We broke out in cheers. I found myself hugging Phil while he was clapping me on the back. Then the captain waved us quiet.

“Jack, please shut down our own propulsion systems. But be ready to start them up again at a moment’s notice.”

As she was speaking, new question marks started appearing on the screen. The room quieted rapidly, as we started waiting for words to appear to replace them. The captain took this moment to stand up and announce.

“Ladies and gentlemen, I’m gratified that you’re all so interested in this conversation. However, now that we have a new lease on life, I’m sure you all have many things to attend to. We’re not out of this yet!

“I’ll leave our conversations displayed on the ship’s general view channel, but I want all of you working on how we get out of this situation permanently.

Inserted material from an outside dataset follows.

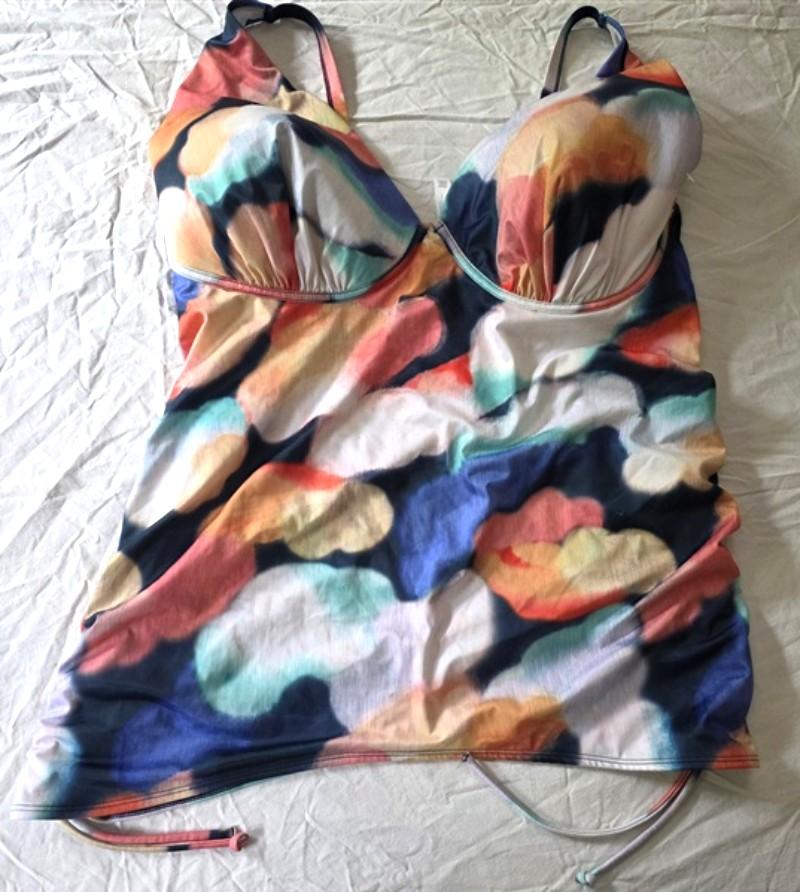 NWOT Cacique 42H Watercolor V Neckline Swim Tankini 134201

“We still have a probe, right? I want it equipped for surveillance. Send it towards them on some sort of curve that will make it hard to detect and difficult to trace back to us if it is found. See how close it gets before they do detect it.

“Given our current coasting status, I want to know how soon we can expect to be in range of their weapons and how long before we coast out of range again.

“And I want all the computer power we can spare working on translation and inductive anthropology on the data we collect. We’ve got to learn more about these robots and their culture if we’re to find a weakness.

“I thank you all.”

As we filed out, the message from the Mechtrons started appearing:

We are stopping our engines. Please stay and talk with us.